··· RECORDS FOR THE EXERCISE ···
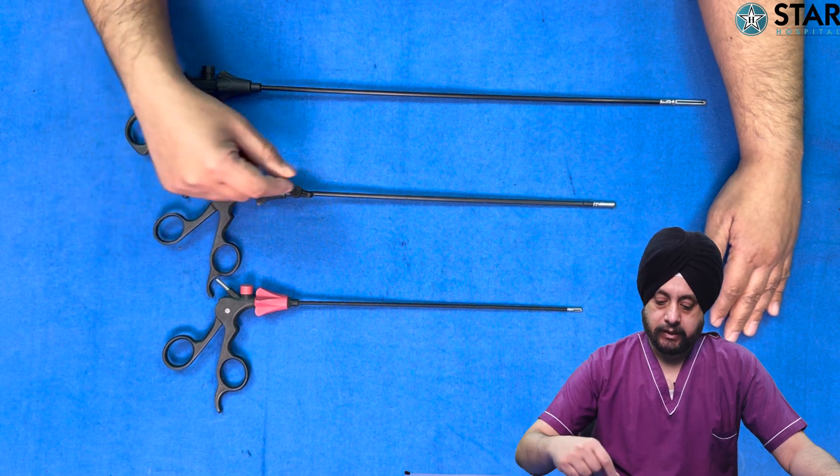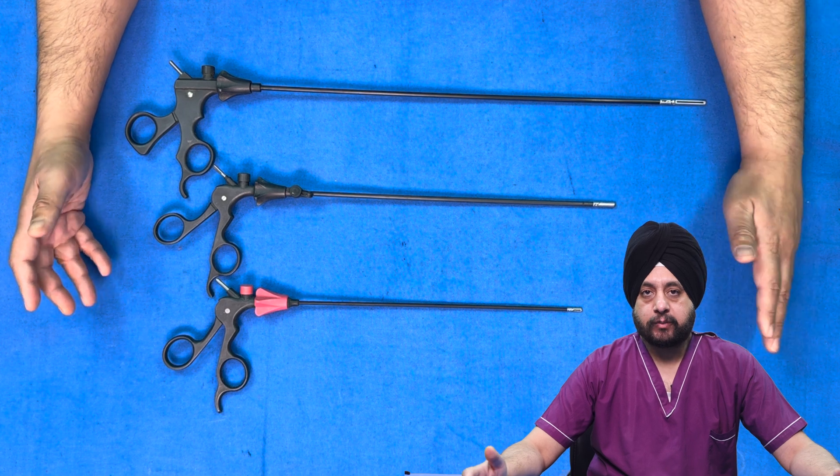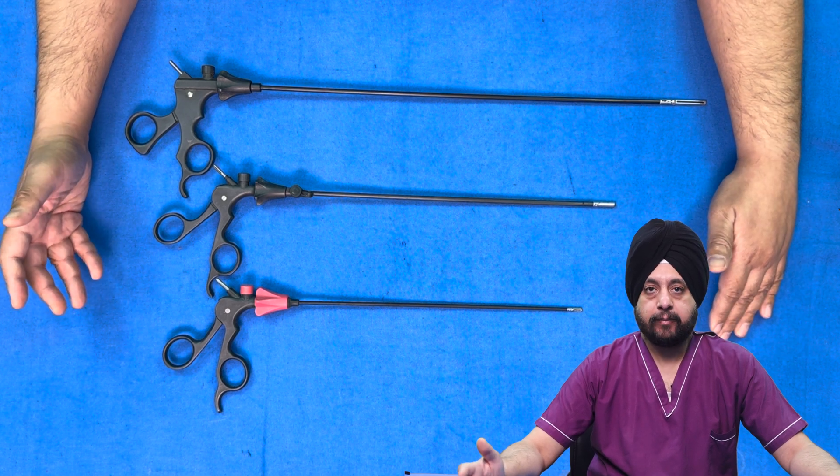Regarding width, these two are 5 millimeters and this one is around 3 mm, so mini laparoscopic or pediatric instruments are usually up to 3 mm or less.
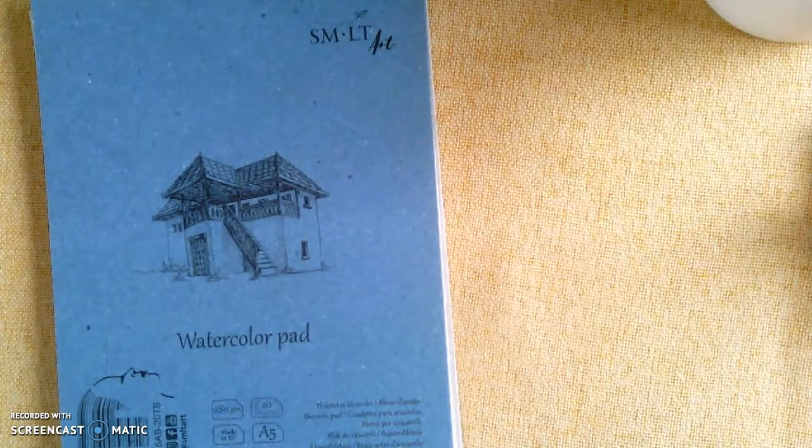Good morning, you amazing grade fours! It is Madame Lessard here with you today, and I am going to teach you how to make a watercolor jellyfish. Mrs. Landry and I were speaking and we thought that you guys have been working so hard and we wanted to put up something that would just be fun and that you could follow along with.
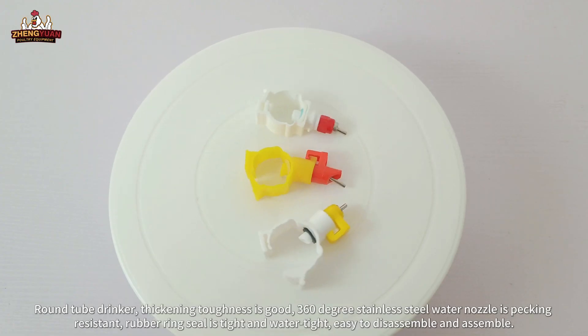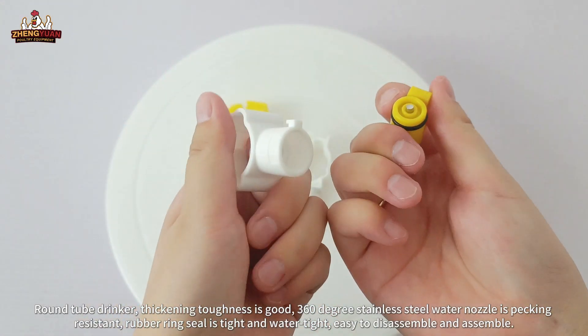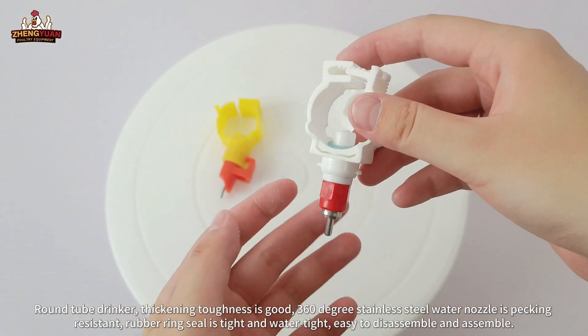Round tube drinker, thickening toughness is good. 360 degree stainless steel water nozzle is packing resistant. Rubber ring seal is tight and watertight, easy to disassemble and assemble.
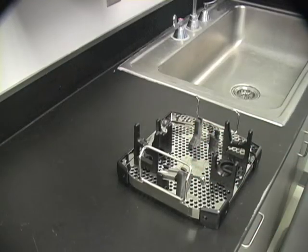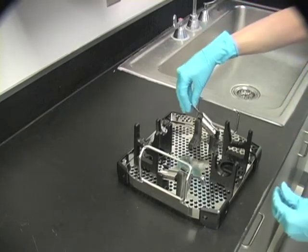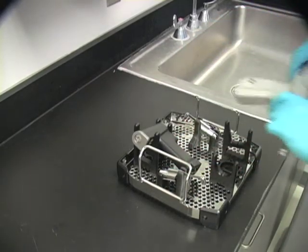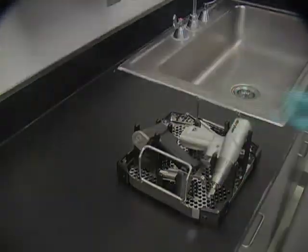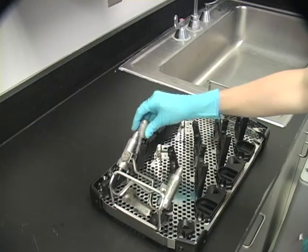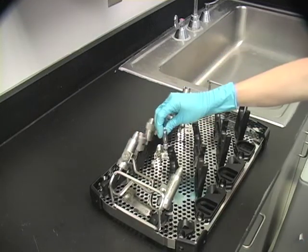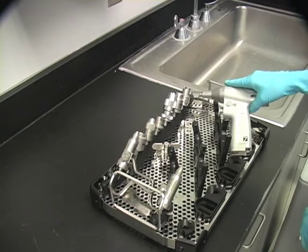The sternum sabo case can hold a sternum saw and a sabo sagittal saw as well as two sternum guards. The three handpiece sterilization case can hold up to six attachments, including two chuck keys, two collets, and three handpieces.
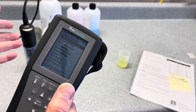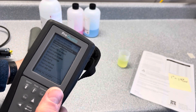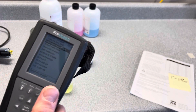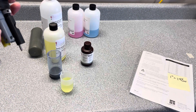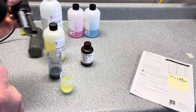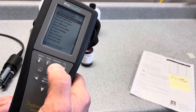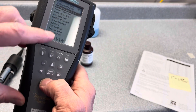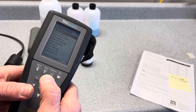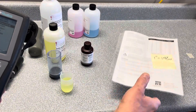We would do the same procedure: make sure we have a clean calibration container, set the probe in making sure the solution is about halfway up, and let it equilibrate. Then toggle down to accept calibration, just making sure that you have a good calibration value that matches your sheet.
···
[WORK TO COMPLETE]
Repeat verbatim the range of lines that opens at the line containing "Round tube drinker, thickening" and closes at the last line of the entries, excluding all pictures.

[ANSWER TO THE EXERCISE]
Round tube drinker, thickening toughness is good. 360 degree stainless steel water nozzle is packing resistant. Rubber ring seal is tight and watertight, easy to disassemble and assemble.
The sternum sabo case can hold a sternum saw and a sabo sagittal saw as well as two sternum guards. The three handpiece sterilization case can hold up to six attachments, including two chuck keys, two collets, and three handpieces.
We would do the same procedure: make sure we have a clean calibration container, set the probe in making sure the solution is about halfway up, and let it equilibrate. Then toggle down to accept calibration, just making sure that you have a good calibration value that matches your sheet.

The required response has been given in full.